Healthy profit margins on new products tend to be short-lived as competitors catch up and free market forces take over. Each capital market player undergoes a process of selecting which products and services serve as its core business and which will be dropped from its portfolio. For core products and services, each firm must seek methods of driving efficiencies and reducing costs to stay competitive. BPM provides a vehicle for eliminating or automating tasks that are still being executed manually.

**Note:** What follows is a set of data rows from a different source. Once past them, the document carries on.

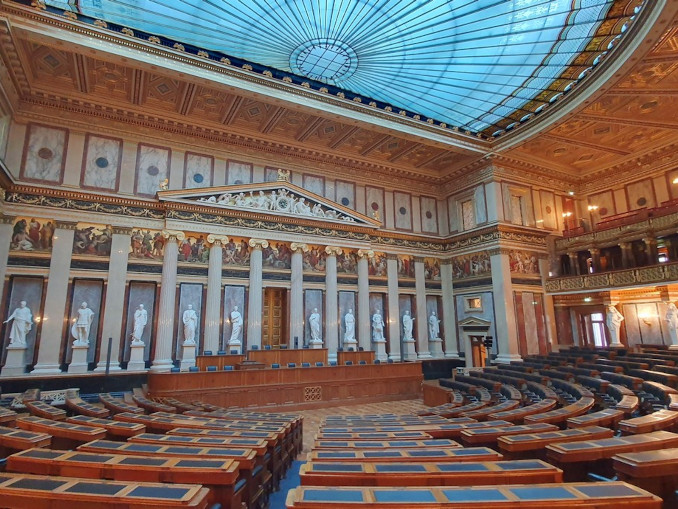 انواع حاکمیت و فرم‌های حکمرانی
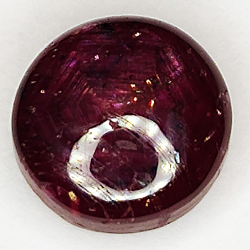 5.39ct Rubis Étoilé cabochon ovale 9.1x8.9mm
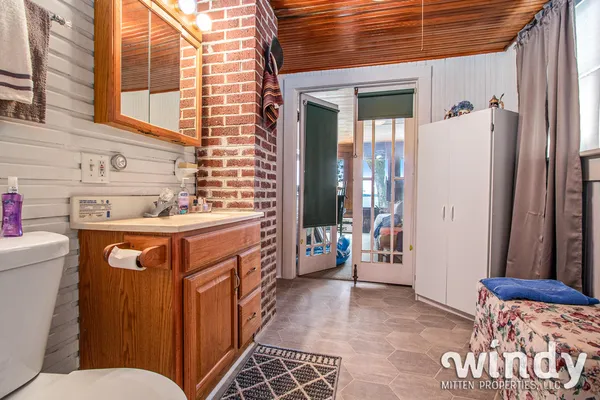 $949,000 | 5412 Forest Avenue, Watervliet, MI 49098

An organisation with siloed architecture is like a house of cards. One more work-around or tweak to a legacy process can bring the house down. Instead of just integrating systems, capital markets firms need to analyse accurately, plan meticulously and implement functions carefully. Firms must first examine a process to determine whether it needs to be fixed, replaced or monitored. These data-driven strategies support the business case for change and determine the scope, phasing and expected returns to be paid by any investment
Organisational silos may resemble warring medieval fiefdoms. Often one fiefdom does not talk with or trust the other fiefdoms. They do not share data, they do not share processes and they do not share profits. To unite the fiefdoms, an outside arbitrator is almost mandatory to help create a BPM implementation that crosses boundaries and empowers the functional managers who own all of the bits of the process to work together. Only then can they achieve their total potential.
Workflow defines the interconnections between different pieces of software, the exchanges of the data and the rules associated with the routing. But one of the most important steps before implementation is to define the roles of the people who will be involved in the new, more automated process. It requires objectivity, and often an outside viewpoint, to define those roles. The assignments have to be correct because the roles will be “institutionalised” within the process template.
BPM implementation requires a tremendous amount of organisation-wide connectivity. Workflow must be coupled intelligently with middleware, applications, databases and e-mail. Although it may be enough to provide integration from edge-to-edge of applications, a better approach would be true convergence that combines data, process and technology at the application core.
BPM architecture usually requires both a data model and a process model. Semantics must be consistent so successful implementation can be duplicated system-wide. “Architect” big, but implement small. If your models are robust enough for global implementation, they can also withstand the local tweaks required and approved so they may be instituted in each region.
A recent review of many top global capital markets firms showed that operations and technology spending ranges from $4bn to $6bn annually. Many of their current initiatives seek to address complex record keeping and reporting requirements imposed by government regulations. BPM and automation represent the next technology frontier for these organisations. Automation of business processes in capital markets firms may be compared with the promise of factory automation a century ago, but with far greater complexity, risks and rewards. We are just now beginning to codify our office “manufacturing” processes, selectively applying automation tools that will trigger rapid change, much as the assembly line did on the factory floor.